Leary was one of the most trusted people in the Statehouse and was well liked by politicians and aides for his old-school approach. For them and the younger journalists, the door of their press corps was always open for history lessons with a mixture of kindness and uneasiness. He lamented the direction of the policy in an interview with the Bangor Daily News ahead of his retirement in 2021.

“Politics is fun when it’s really about issues. When the shock is over, do we do this and do that, invest in this or invest in that?” he said in a 2021 interview. “But a lot of it is picayune stuff, personality-driven stuff.”

Leary’s death was confirmed by his wife, Susan McAvoy Leary, in a post on Facebook on Sunday. He had been in declining health due, in part, to heart problems since his retirement and was placed in a hospice in January. He was admitted last week to the intensive care unit at MaineGeneral Medical Center in his hometown of Augusta.

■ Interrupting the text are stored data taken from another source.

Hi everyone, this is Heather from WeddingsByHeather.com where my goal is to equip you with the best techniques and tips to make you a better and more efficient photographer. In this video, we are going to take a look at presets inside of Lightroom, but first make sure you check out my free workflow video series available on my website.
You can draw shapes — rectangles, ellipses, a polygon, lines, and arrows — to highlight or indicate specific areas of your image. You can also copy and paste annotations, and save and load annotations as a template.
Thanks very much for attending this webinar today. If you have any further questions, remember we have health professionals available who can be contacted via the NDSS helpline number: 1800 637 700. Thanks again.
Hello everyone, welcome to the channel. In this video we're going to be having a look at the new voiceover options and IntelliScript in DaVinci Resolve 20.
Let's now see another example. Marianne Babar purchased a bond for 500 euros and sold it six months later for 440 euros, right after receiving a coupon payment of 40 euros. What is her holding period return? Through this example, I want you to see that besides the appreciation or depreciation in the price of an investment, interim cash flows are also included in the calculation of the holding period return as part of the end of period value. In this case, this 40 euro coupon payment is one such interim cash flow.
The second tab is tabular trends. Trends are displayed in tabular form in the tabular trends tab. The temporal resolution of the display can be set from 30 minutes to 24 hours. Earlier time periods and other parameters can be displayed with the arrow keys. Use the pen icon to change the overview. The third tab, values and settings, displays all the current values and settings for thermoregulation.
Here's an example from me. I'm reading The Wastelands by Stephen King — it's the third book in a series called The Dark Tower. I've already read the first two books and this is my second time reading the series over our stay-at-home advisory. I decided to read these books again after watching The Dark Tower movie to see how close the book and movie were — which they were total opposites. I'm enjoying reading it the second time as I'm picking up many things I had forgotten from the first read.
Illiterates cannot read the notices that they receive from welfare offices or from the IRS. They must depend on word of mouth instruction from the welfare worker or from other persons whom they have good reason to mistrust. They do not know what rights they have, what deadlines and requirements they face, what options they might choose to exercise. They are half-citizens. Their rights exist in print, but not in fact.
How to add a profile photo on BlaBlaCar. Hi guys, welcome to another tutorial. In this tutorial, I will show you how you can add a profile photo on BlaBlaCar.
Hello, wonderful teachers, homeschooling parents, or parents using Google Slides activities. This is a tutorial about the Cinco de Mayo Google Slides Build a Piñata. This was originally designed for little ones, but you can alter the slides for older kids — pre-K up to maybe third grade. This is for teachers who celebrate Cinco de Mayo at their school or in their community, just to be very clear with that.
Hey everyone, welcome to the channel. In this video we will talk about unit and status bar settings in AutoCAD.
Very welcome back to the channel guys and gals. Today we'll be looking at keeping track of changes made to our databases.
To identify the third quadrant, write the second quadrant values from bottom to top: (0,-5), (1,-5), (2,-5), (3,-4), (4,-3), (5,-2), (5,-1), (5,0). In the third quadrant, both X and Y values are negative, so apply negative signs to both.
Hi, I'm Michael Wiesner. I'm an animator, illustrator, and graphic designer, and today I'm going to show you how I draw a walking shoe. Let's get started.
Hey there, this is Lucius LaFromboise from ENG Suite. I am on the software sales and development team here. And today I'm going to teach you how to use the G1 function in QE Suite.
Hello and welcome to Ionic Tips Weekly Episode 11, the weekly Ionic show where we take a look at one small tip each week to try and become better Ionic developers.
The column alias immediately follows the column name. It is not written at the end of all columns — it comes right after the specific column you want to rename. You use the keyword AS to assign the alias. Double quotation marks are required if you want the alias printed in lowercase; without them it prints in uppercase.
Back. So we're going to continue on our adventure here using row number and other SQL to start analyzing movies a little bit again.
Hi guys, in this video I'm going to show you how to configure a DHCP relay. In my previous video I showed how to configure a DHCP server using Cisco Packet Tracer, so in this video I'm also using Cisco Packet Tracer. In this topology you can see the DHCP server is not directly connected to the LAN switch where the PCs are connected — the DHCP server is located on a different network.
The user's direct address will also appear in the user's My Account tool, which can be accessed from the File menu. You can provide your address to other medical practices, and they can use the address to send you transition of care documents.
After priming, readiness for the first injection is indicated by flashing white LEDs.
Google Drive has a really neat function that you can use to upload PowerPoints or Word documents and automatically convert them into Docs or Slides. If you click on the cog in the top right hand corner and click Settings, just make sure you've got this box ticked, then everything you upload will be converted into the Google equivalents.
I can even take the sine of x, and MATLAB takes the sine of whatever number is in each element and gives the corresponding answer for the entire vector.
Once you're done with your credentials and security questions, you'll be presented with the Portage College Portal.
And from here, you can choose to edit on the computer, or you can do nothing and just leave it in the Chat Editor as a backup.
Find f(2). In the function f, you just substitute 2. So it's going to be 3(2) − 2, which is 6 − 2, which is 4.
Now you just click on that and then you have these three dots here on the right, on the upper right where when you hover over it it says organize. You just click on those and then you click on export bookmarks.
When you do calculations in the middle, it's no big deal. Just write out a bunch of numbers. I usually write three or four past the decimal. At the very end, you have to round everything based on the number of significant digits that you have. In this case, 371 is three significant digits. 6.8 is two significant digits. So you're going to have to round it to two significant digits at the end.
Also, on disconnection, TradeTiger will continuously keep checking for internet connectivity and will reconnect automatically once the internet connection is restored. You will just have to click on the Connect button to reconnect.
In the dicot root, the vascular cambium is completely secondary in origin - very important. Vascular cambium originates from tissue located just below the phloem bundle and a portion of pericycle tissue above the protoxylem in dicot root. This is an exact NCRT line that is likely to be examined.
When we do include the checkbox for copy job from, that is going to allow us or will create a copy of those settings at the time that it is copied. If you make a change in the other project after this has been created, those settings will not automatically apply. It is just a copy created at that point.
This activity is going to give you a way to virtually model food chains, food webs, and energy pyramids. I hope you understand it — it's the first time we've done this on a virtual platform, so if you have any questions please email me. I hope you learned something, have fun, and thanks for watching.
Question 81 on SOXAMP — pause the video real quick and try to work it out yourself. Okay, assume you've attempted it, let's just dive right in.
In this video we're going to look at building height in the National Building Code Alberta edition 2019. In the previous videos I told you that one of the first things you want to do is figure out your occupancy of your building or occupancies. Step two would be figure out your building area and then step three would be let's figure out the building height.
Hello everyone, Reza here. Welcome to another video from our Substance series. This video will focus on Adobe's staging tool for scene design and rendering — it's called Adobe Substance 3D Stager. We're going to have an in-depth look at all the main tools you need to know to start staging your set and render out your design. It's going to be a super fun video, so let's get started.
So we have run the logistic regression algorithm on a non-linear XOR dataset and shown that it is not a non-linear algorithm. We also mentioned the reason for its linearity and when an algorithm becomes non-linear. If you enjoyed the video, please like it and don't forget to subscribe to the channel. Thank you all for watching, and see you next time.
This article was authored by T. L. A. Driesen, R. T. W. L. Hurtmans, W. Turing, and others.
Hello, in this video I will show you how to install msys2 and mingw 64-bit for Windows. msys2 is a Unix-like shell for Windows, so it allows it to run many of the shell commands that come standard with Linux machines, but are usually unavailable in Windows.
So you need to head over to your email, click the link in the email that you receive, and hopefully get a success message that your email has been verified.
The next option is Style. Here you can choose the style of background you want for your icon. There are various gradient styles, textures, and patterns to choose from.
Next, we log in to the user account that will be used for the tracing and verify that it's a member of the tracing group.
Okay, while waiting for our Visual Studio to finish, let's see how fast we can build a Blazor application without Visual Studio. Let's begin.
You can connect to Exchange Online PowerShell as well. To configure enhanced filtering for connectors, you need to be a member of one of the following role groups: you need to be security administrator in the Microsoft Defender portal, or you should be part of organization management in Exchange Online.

A native of Veazie, Leary attended Orono High School and the University of Maine before beginning his news career at WABI in Bangor in the early 1970s as director of the 6 o’clock news. He had to make big decisions about what to broadcast in real time, which he would later say taught him the power of the medium at a time when network news had no competition.

His career as a reporter began in Augusta for the United Press International television service. Longley, the first governor he covered, was a bombastic figure who battled bipartisanship in the Legislature and has often been compared to former Republican Gov. Paul LePage, who had a famously rocky relationship with the media.

Leary was one of the few reporters who was able to get LePage to sit down with him regularly, and the reporter told a public access program in 2018 that the two “actually get along pretty well.”

“Sometimes he’ll want me and say, ‘I don’t want to talk about this,'” Leary said. “And other times, he’ll stop and go on for 15 or 20 minutes about a particular topic. So he blows hot and cold, completely.”

Leary started his cable service in 1983 and operated it for 15 years before leaving in 1995 to become State House bureau chief for Maine Public. He left again to run the cable service before returning to public broadcasting to run a short-lived channel focused on state politics. After that ended, he remained as a senior political reporter until his retirement.

His service intersected with major events in Maine history, including the 1992 ballot-tampering scandal involving aides to then-House Speaker John Martin, D-Eagle Lake, and helping ending his 20-year tenure in that position. That institutional memory boosted its coverage.

He demonstrated “unmatched understanding of the issues” in interviews over the years, U.S. Sen. Susan Collins, R-Maine, said in a statement Sunday.

“Mal’s dedication to his profession really made a difference, and he will be sorely missed,” she said.